*** Begin section ***

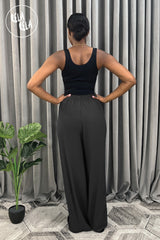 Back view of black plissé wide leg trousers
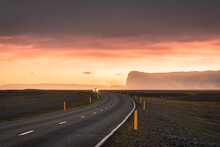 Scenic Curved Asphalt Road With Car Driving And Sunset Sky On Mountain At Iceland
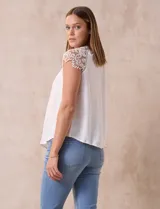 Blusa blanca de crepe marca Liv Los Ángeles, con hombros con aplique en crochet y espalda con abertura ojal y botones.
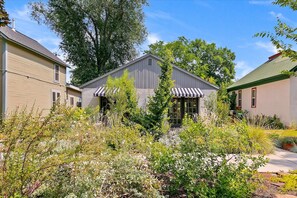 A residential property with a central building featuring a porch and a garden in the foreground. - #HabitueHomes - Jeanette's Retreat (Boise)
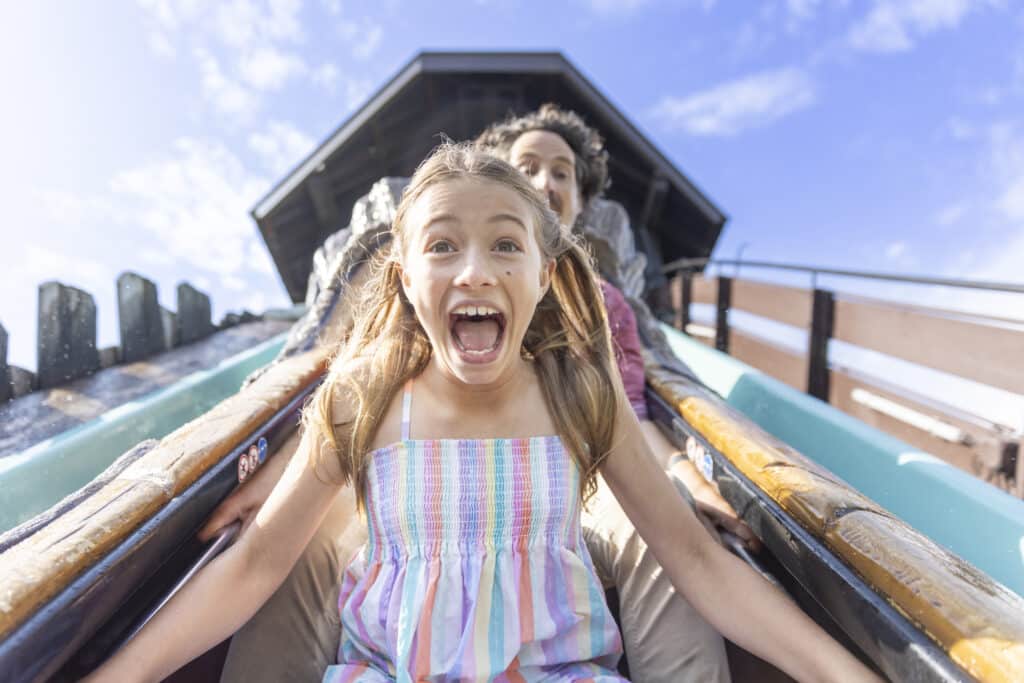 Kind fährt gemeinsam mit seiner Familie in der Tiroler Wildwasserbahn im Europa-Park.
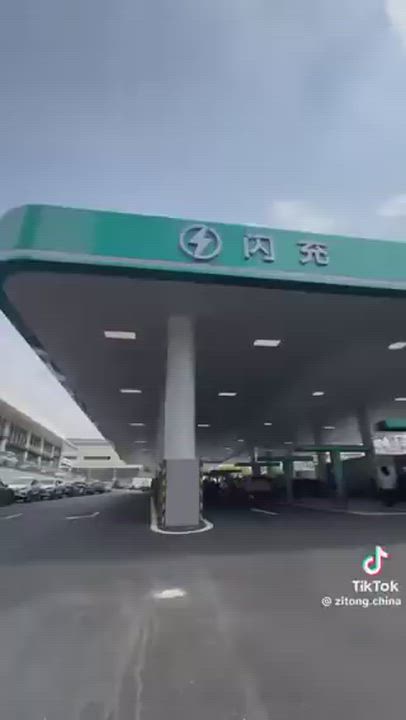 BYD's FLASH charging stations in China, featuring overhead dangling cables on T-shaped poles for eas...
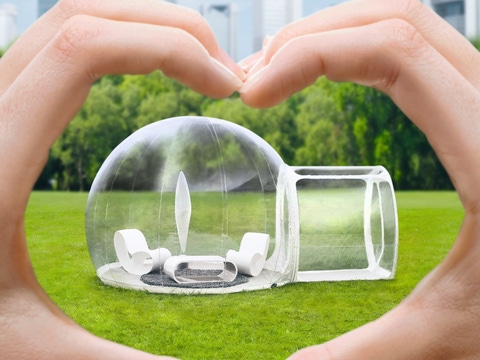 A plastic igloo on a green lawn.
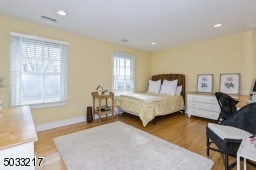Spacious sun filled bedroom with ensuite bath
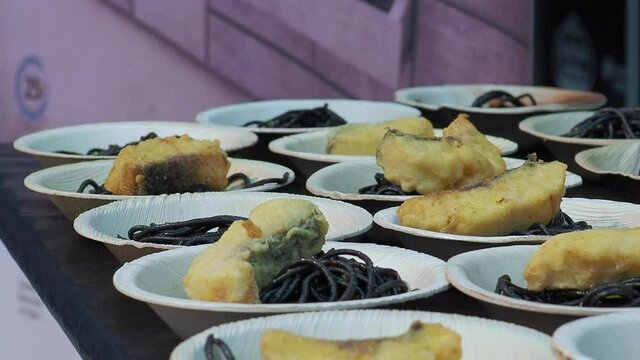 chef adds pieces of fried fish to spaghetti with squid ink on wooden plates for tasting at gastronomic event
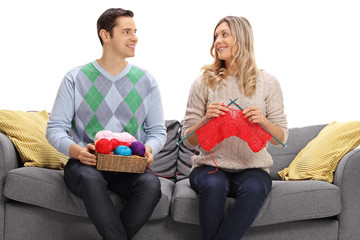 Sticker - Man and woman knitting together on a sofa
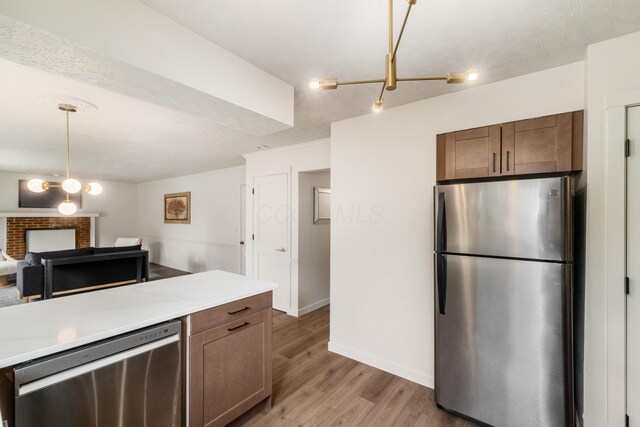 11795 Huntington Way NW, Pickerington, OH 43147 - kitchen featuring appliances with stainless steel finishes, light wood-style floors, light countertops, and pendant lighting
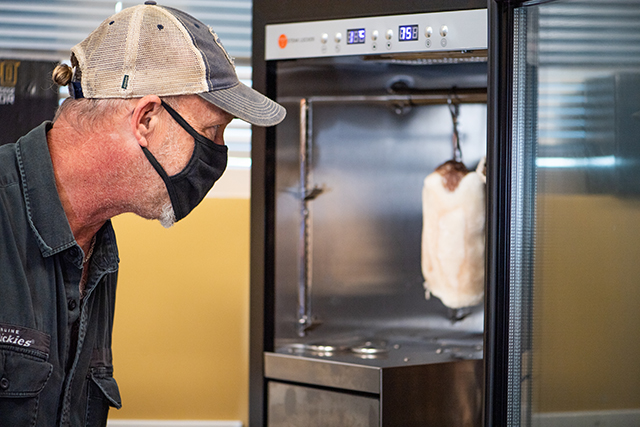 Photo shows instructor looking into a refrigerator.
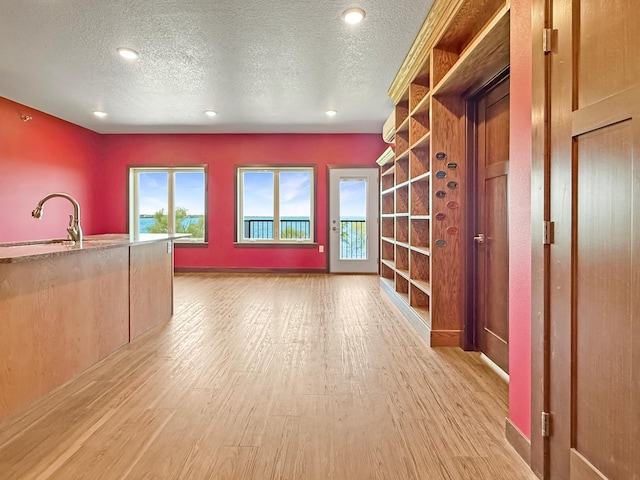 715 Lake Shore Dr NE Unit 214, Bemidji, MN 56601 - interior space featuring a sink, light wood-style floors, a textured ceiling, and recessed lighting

*** End section ***
*** Begin section ***

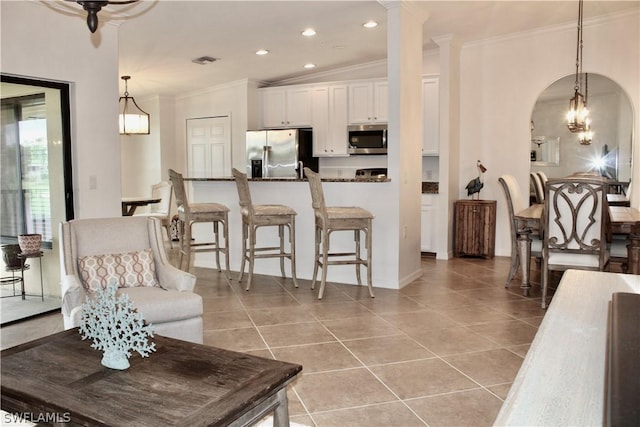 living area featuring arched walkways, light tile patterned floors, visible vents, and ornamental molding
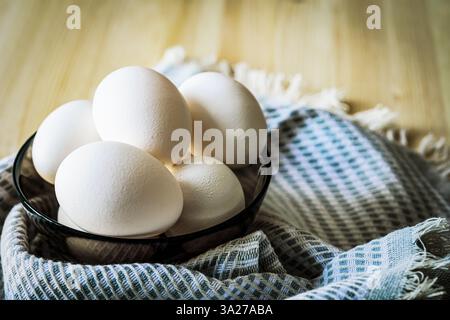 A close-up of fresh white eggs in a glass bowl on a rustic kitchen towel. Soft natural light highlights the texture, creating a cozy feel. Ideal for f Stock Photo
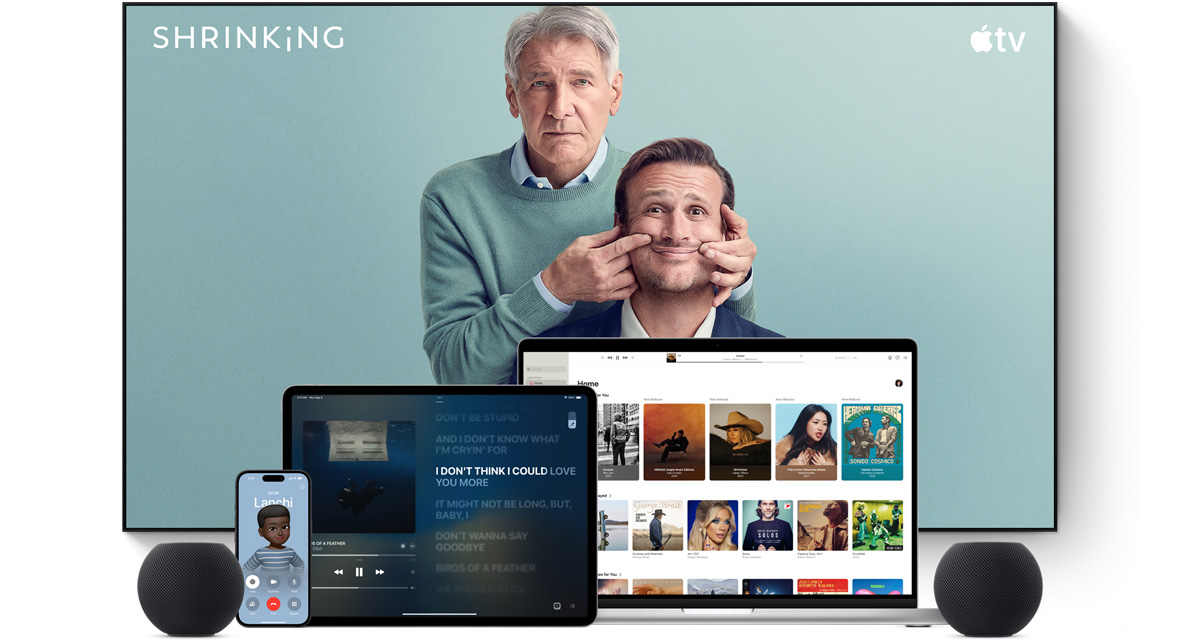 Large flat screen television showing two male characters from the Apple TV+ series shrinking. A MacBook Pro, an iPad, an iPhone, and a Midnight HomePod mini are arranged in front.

*** End section ***
*** Begin section ***

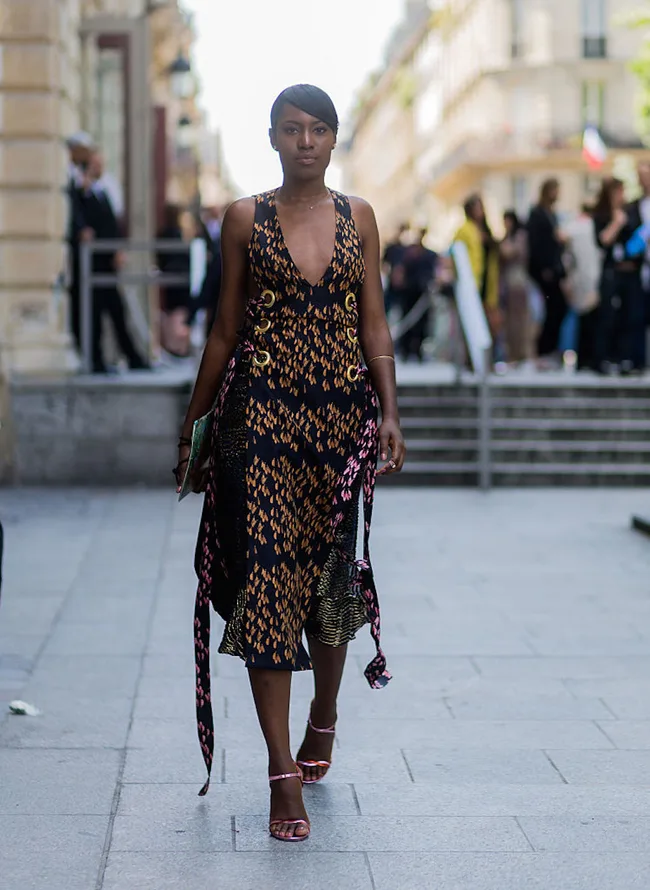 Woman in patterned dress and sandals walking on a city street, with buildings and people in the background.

*** End section ***

• PROBLEM TO WORK ON: When copying from the data above, print only the lines from the line containing "Scenic Curved Asphalt" to the line containing "A residential property", exactly, and leave the pictures out.

• ANSWER BELOW:
 Scenic Curved Asphalt Road With Car Driving And Sunset Sky On Mountain At Iceland
 Blusa blanca de crepe marca Liv Los Ángeles, con hombros con aplique en crochet y espalda con abertura ojal y botones.
 A residential property with a central building featuring a porch and a garden in the foreground. - #HabitueHomes - Jeanette's Retreat (Boise)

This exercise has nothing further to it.